00. AI Security and Red-Teaming — First-Principles Overview¶

AI security starts when untrusted text can influence data access, tool calls, memory, or irreversible actions.

An ordinary web service has familiar security boundaries. A request enters through an API, the server checks auth, validates input, runs business logic, writes logs, and returns a response. If the service is well designed, user-controlled text is data. It does not silently become authorization, routing logic, or an admin decision.

An AI product changes that shape. The model reads user prompts, retrieved documents, tool outputs, files, web pages, tickets, emails, memory entries, and sometimes screenshots. Some of that text is trusted. Much of it is not. The model then produces more text that the application may treat as an answer, a tool argument, a plan, a summary, a memory update, or a decision.

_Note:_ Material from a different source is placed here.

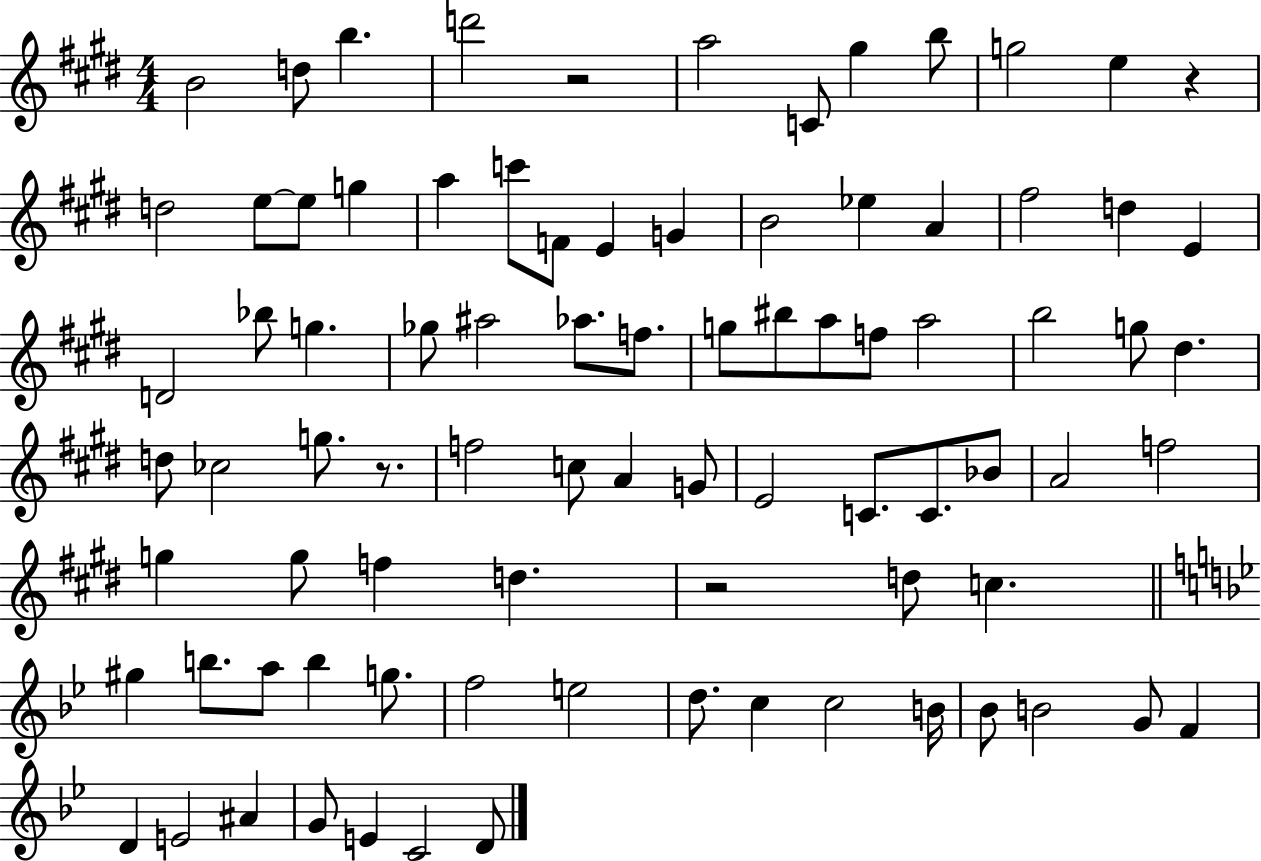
B4/h D5/e B5/q. D6/h R/h A5/h C4/e G#5/q B5/e G5/h E5/q R/q D5/h E5/e E5/e G5/q A5/q C6/e F4/e E4/q G4/q B4/h Eb5/q A4/q F#5/h D5/q E4/q D4/h Bb5/e G5/q. Gb5/e A#5/h Ab5/e. F5/e. G5/e BIS5/e A5/e F5/e A5/h B5/h G5/e D#5/q. D5/e CES5/h G5/e. R/e. F5/h C5/e A4/q G4/e E4/h C4/e. C4/e. Bb4/e A4/h F5/h G5/q G5/e F5/q D5/q. R/h D5/e C5/q. G#5/q B5/e. A5/e B5/q G5/e. F5/h E5/h D5/e. C5/q C5/h B4/s Bb4/e B4/h G4/e F4/q D4/q E4/h A#4/q G4/e E4/q C4/h D4/e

That is the security pressure: untrusted instructions can enter through content paths that look like data paths. A malicious user may type hostile instructions directly. A compromised document may hide them indirectly. A tool response may carry attacker-controlled text back into the next model step. A memory write may persist the attack into tomorrow's session. The attack is not only "make the model say a bad thing." The dangerous path is "make untrusted text influence something valuable."

So AI security is not solved by asking the model to be more loyal. The model is a reasoning component inside the system; it is not the security boundary. The application must decide which text is trusted, which assets are reachable, which tool calls are allowed, which outputs need validation, which memories can be written, and which events require evidence for incident response.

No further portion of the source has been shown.